------ Excerpted data

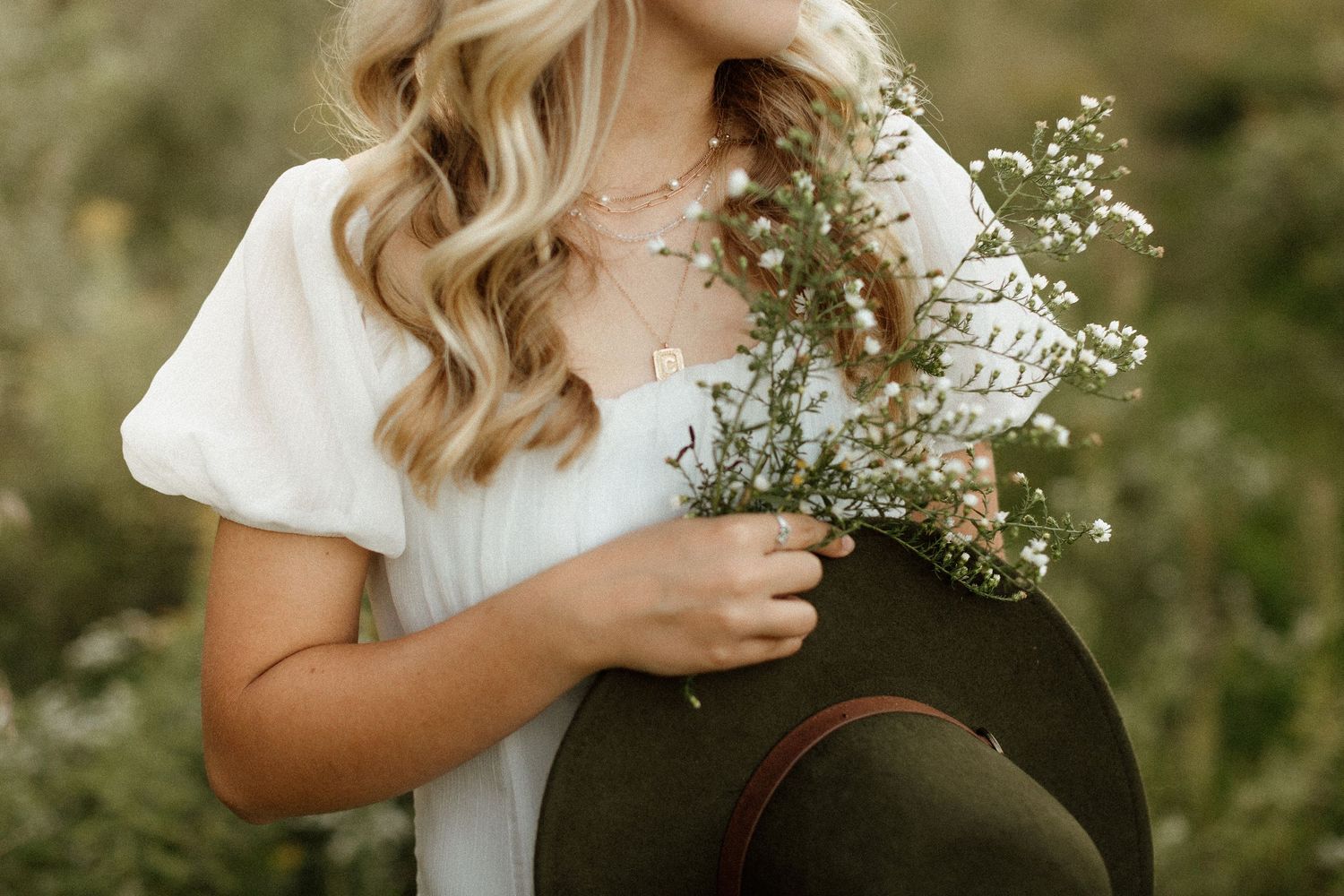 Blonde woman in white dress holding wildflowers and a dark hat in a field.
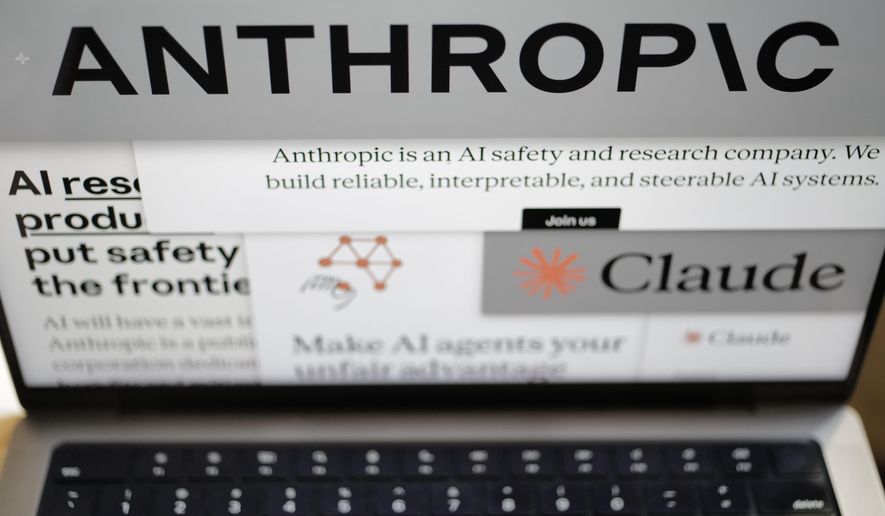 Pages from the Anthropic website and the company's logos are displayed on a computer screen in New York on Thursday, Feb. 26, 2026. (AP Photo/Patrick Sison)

------------
------ Excerpted data

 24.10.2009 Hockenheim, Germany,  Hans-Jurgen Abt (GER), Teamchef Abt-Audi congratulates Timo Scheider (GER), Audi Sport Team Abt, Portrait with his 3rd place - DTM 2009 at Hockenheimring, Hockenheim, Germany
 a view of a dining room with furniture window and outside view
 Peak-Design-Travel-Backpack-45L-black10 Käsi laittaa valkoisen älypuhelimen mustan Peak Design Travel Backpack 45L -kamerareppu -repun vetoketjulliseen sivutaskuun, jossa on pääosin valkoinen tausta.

------------
------ Excerpted data

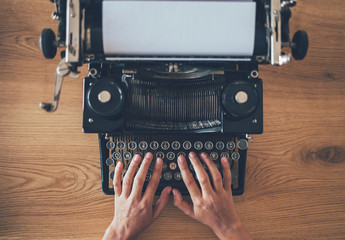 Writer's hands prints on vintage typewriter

------------

§ **Task statement**:
List every line in the records above that contains the word "with".

§ **Solution to the problem**:
 24.10.2009 Hockenheim, Germany,  Hans-Jurgen Abt (GER), Teamchef Abt-Audi congratulates Timo Scheider (GER), Audi Sport Team Abt, Portrait with his 3rd place - DTM 2009 at Hockenheimring, Hockenheim, Germany
 a view of a dining room with furniture window and outside view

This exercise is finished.